# Daily Manna for Wednesday, March 15, 2006



## ComeFrom? (May 21, 2004)

At that time Jesus said, 'I praise you, Father, Lord of heaven and earth, because you have hidden these things from the wise and learned, and revealed them to little children. Yes, Father, for this was your good pleasure. 'All things have been committed to me by my Father. No one knows the Son except the Father, and no one knows the Father except the Son and those to whom the Son chooses to reveal him. 'Come to me, all you who are weary and burdened, and I will give you rest.
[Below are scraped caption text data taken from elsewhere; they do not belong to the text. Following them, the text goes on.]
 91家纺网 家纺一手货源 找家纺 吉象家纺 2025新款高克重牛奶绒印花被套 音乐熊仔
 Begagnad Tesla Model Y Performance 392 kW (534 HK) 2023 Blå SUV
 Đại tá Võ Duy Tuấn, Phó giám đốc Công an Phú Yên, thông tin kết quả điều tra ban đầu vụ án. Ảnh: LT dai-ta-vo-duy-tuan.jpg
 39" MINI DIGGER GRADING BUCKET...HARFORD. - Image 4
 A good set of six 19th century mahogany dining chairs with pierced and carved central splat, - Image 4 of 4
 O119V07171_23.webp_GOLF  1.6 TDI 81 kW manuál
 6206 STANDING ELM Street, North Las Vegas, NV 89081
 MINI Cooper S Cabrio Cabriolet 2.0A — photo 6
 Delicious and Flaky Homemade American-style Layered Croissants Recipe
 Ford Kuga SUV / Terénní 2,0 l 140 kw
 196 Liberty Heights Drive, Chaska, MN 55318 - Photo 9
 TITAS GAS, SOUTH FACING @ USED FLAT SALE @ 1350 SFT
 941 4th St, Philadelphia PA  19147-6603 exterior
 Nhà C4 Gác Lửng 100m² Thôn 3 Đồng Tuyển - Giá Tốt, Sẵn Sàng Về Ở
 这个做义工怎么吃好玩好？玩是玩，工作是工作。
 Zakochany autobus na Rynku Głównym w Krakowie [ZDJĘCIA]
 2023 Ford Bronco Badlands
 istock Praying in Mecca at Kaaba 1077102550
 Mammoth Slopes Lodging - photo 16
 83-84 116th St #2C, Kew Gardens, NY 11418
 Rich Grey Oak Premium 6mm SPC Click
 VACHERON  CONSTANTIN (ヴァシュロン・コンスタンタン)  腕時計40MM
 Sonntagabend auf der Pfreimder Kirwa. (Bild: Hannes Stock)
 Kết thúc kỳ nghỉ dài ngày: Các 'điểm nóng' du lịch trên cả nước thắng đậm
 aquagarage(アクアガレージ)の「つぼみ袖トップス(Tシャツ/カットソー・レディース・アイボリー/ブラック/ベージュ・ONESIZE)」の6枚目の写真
Take my yoke upon you and learn from me, for I am gentle and humble in heart, and you will find rest for your souls. For my yoke is easy and my burden is light.' Matthew 11:25-30 NIV


----------



## luv2fish (Mar 21, 2005)

Praise the Lord. We sing a gospel song that includes that scripture. Thanks for sharing "THE WORD" "THE TRUTH".


----------



## Mrs Backlasher (Dec 19, 2004)

"you have *hidden* these things from the wise and learned"

"no one knows the Father except the Son and those to whom the Son chooses to *reveal* him"

God is hidden from us until the Son reveals him. We can (and should) share the word of God with everyone, but we cannot debate them into the Kingdom of God. Aren't you glad we don't have that responsibility?! I am.


----------